Vers 8h05, le train en direction de Liège, un peu après la gare de Leuven, hoquette à plusieurs reprises, puis recule de quelques mètres, puis n'avance plus du tout. Le chauffage souffle de l'air froid. C'est le schéma classique de la locomotive qui a un problème technique au début de la ligne grande vitesse. Je sors mon PC pour écrire au fur et à mesure un compte rendu détaillé. ("Au moins", me dis-je, "c'est une histoire qui, sans être palpitante, aura le mérite d'être très proche des faits.")

Le contrôleur et la contrôleuse font des annonces régulières afin de nous rassurer : le personnel du train fait tout son possible pour trouver une solution... Le conducteur effectue en outre des appels de service répétés (on reconnaît ces derniers au quadruple "tût-tût" caractéristique qui résonne dans les wagons). 

De temps en temps, un membre du personnel (la contrôleuse ou un technicien en habit jaune fluorescent) ouvre la porte du wagon et traverse ce dernier en courant à toute allure.
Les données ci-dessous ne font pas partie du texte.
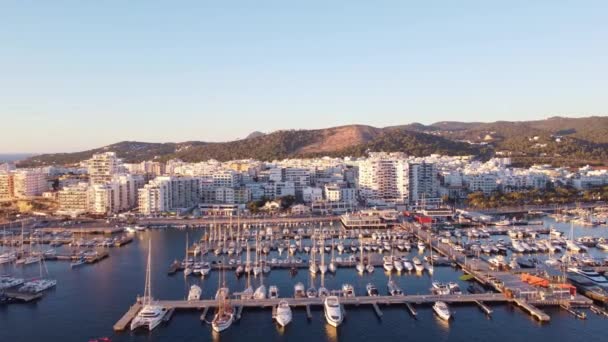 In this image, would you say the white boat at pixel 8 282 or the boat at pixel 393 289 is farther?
the white boat at pixel 8 282

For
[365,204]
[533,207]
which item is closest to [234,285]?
[365,204]

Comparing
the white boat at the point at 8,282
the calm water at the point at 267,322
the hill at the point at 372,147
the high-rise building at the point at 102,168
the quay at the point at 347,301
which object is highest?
the hill at the point at 372,147

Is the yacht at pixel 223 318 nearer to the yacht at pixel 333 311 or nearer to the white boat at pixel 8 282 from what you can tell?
the yacht at pixel 333 311

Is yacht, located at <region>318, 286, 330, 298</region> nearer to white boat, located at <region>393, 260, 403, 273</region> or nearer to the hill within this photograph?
white boat, located at <region>393, 260, 403, 273</region>

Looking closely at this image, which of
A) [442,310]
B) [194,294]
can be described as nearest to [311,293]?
[194,294]

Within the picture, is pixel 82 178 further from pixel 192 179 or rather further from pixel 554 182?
pixel 554 182

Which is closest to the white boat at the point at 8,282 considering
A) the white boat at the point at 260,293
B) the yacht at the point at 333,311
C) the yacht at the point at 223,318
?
the yacht at the point at 223,318

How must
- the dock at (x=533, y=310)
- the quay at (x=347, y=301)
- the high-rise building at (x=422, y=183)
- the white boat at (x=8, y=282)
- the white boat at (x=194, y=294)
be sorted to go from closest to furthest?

Une pensée me traverse l'esprit : "C'est comme à Buizingen ! Un train nous fonce dessus, il va y avoir un crash frontal imminent et le personnel fuit vers l'arrière du véhicule !" Ce n'est pas très marrant mais ça me fait rire. J'imagine les pompiers extraire des décombres fumantes mon cadavre ainsi que — ô miracle ! — mon ordinateur en état de marche. Ils se serviraient alors du présent article comme d'une "boîte noire", afin de reconstituer les moments-clés du drame. À la RTBF, François de Brigode déclarerait : "Grâce à un homme qui retraçait compulsivement et quotidiennement sa journée dans un blog, les enquêteurs ont pu reconstituer la chronologie des événements qui ont conduit à cette catastrophe majeure de l'histoire ferroviaire belge. Le blogueur a même eu le temps de laisser un dernier message énigmatique avant de succomber à ses blessures : Si tu sais que ceci est une main, nous t'accordons tout le reste. Les meilleurs cryptanalystes de la police de Tirlemont sont actuellement en train d'essayer de déchiffrer cet ultime appel au secours."

Un passager emmitouflé (il ressemble un peu à Mr Mohra dans Fargo) s'arrête à ma hauteur :
« Ils vont nous faire descendre pour pousser le train.
— Haha ! Oui, c'est une possibilité !
— En fait, c'est la locomotive qui a un problème.
— Oui, et je dirais même qu'il y a des chances pour qu'une locomotive de secours vienne de Leuven et nous tire dans l'autre sens. C'est déjà arrivé l'année dernière.
— Il y a deux jours, ils nous ont tous fait descendre à Waremme et on a dû tirer notre plan.
— Ha, c'est cool, ça... »

8h50. La contrôleuse au parlophone : "Mesdames et messieurs, nous attendons une décision de continuer éventuellement notre parcours. Nous vous tiendrons informés". Encore un quadruple "tût-tût", puis le train recule et, à 8h55, redémarre enfin, au rythme d'un escargot. Toujours la contrôleuse : "Mesdames et messieurs, notre train... peut poursuivre son parcours. Nous espérons arriver vers 9h30 en gare de Liège-Guillemins. (...)" À 8h59, après une distance d'un kilomètre (à la grosse louche car c'est très difficile à estimer), le train s'arrête à nouveau en faisant un drôle de son ("Bwoïng !"), puis redémarre et accélère. J'arrive à Liège-Guillemins avec un retard de 69 minutes exactement (une chose pareille, ça ne s'invente pas). 


* * *

Dans le bus que je prends en face de la gare des Guillemins, une coïncidence : je me retrouve nez à nez avec la stagiaire en bibliothéconomie originaire des cantons de l'Est, au léger accent allemand, qui se rend à son stage à mon boulot justement. Nous arrivons sur les lieux du travail aux alentours de 10 heures du matin. 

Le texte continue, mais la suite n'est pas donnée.